Christians don’t always agree, but does it matter? 

If I was to ask, “Is taking bread bread and wine in memory of Jesus’ death a requirement for all Christians?” – how would you answer? And if I was to ask, “Is baptism in water a requirement for all Christians?” – how would you answer that one too? 

Those are the two “biggies” in Christian circles too, communion and baptism, the two most common “sacraments” that for many are an “absolute must,” but for some in the Christian Community they are aids, or symbols, not requirements. And those who believe they aren’t requirements have scriptures to back up their belief too, just as those who believe the sacraments are requirements have scriptures to back up their belief.

There are dozens of other differences among Christians too, also backed up with scriptures, in answer to questions like: “Can Christians go to war and kill people?”; “Is heaven our final destination or living in resurrected bodies on the earth?”; and “Will God save everyone in the end, or will some people spend eternity in hell?” 

And for the sake of Christian unity “Should we all follow a prescribed Worship Calendar based on evolving human tradition?” – to which many would say “yes,” because it focuses their hearts and minds on the greatness and love of Jesus, but others would vehemently say “No,” because it smacks too much of legalism and a noose squeezing the breath of the Holy Spirit out of them. No wonder Christianity is scarred by “worship wars,” and now endless debates about whether it’s right or wrong to allow same-sex marriage among Christians, or the ordination of women and practicing homosexuals into the clergy.  

And reading through Romans 14 and Paul’s other letters, especially his letters to the Corinthians, there were huge differences of belief and opinion among Christians back then too. So how did Paul deal with them?

Well, he got right down to the purpose of the church and how God set it up with “pastors and teachers, etc.” in Ephesians 4:11, “to prepare God’s people for works of service, so that the body of Christ may be built up.” verse 12, “until,” verse 13, “we all reach unity in the faith and in the knowledge of the Son of God and become mature, attaining to the whole measure of the fullness of Christ.” 

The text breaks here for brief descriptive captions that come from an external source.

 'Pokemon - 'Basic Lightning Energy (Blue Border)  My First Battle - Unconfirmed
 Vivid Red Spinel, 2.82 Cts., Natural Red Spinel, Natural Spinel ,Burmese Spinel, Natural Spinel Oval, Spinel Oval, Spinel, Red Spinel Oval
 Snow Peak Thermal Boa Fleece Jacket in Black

So Paul concentrates our attention on becoming mature, which he defines for us as becoming like Jesus in all his fullness. And that’s the same for all of us; it’s sharing exactly the same purpose in life of having it engrained in our heads that “in Christ all the fullness of the Deity lives in bodily form, and you (or we) have been given fullness in Christ,” Colossians 2:9-10. In our own bodies, therefore, we can be as full of God as Jesus is. And that’s God’s great goal for us, repeated in 2 Corinthians 3:18, that we are “being transformed into Jesus’ likeness with an ever-increasing glory.” 

So that’s what we concentrate on if we hope to become mature Christians. But what does that involve us doing? Paul’s answer in Ephesians 4:15 is “speaking the truth in love,” and that’s how “we will in all things grow up into him who is the Head, that is, Christ.” 

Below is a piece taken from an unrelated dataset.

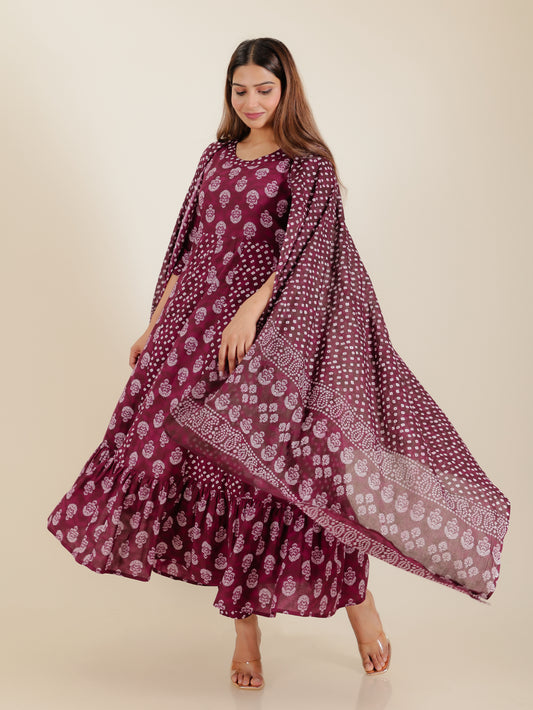 Voile Cotton Bandhani Dupatta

In other words, we talk together about our differences as Christians, and “speak truthfully” to each other, verse 25, “for we are all members of one body.” We still may not agree but if talking out our differences is the best solution, according to Paul, and it’s done “in love” (verse 15), then we all get to experience what it’s like being filled with the fullness of Jesus himself. And isn’t that what matters? 

It’s proof too that we are “putting on the new self, created to be like God in true righteousness and holiness,” verse 23. In other words, it’s proof we are maturing: it’s in our simple willingness to talk things over with each other in love, and “not give the devil a foothold,” verse 27.

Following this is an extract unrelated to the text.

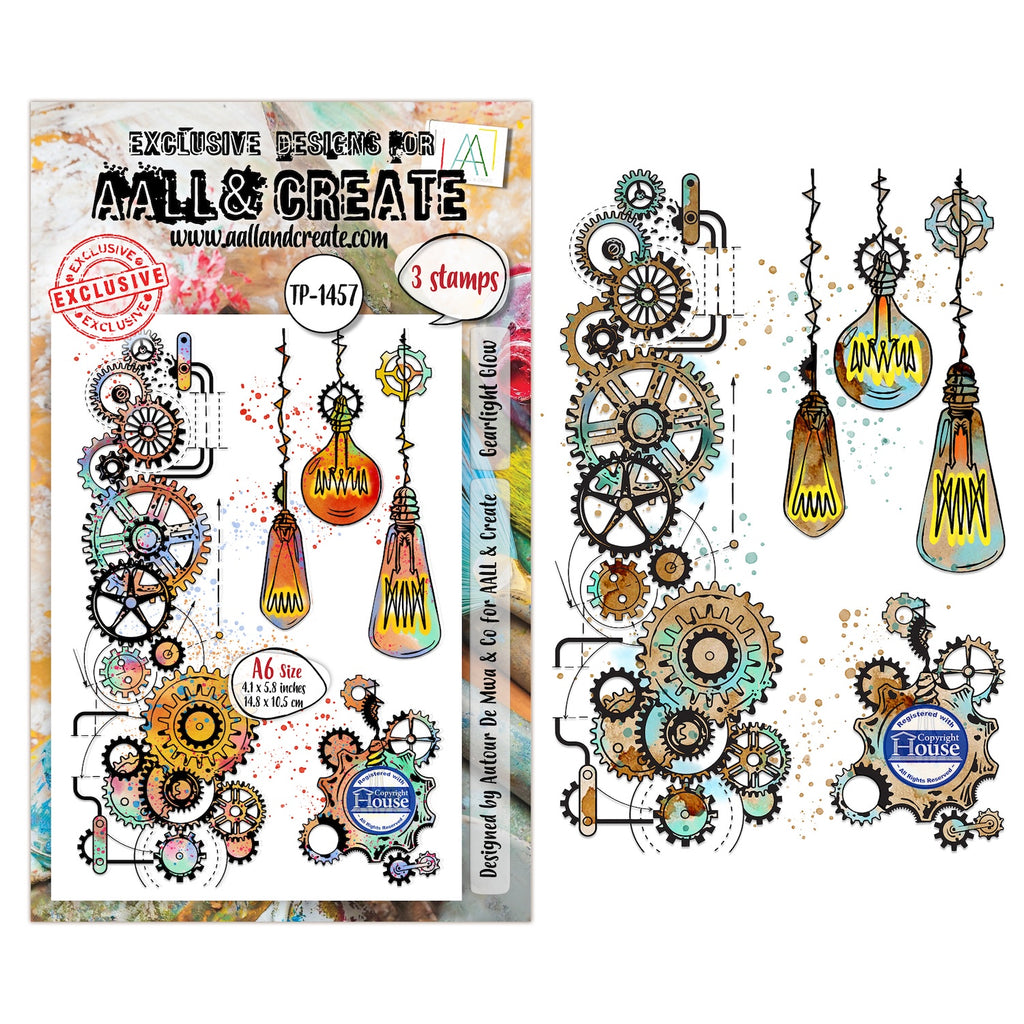 AALL & Create Gearlight Glow A6 Clear Stamp Set 1457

In my own experience it’s been wonderful being in a small group of Christians willing to do just that, talk things out in a spirit of love. It gets heated at times when we don’t or can’t agree, but we don’t stop being friends and it doesn’t stop us listening to each other, or coming back for more. And sometimes a bit of truth sneaks through, or strikes home, that we hadn’t thought of before.

I’ve learnt, therefore, that disagreement is not something to fear or try to stamp out. I’ve also learnt that disagreement doesn’t even matter one bit when you love each other and want “what is helpful for building others up according to their needs,” verse 29. It’s one of the marvellous blessings we get to experience that enables us, verse 3, to “keep the unity of the Spirit through the bond of peace” at those awkward moments when disagreement could easily tear us apart.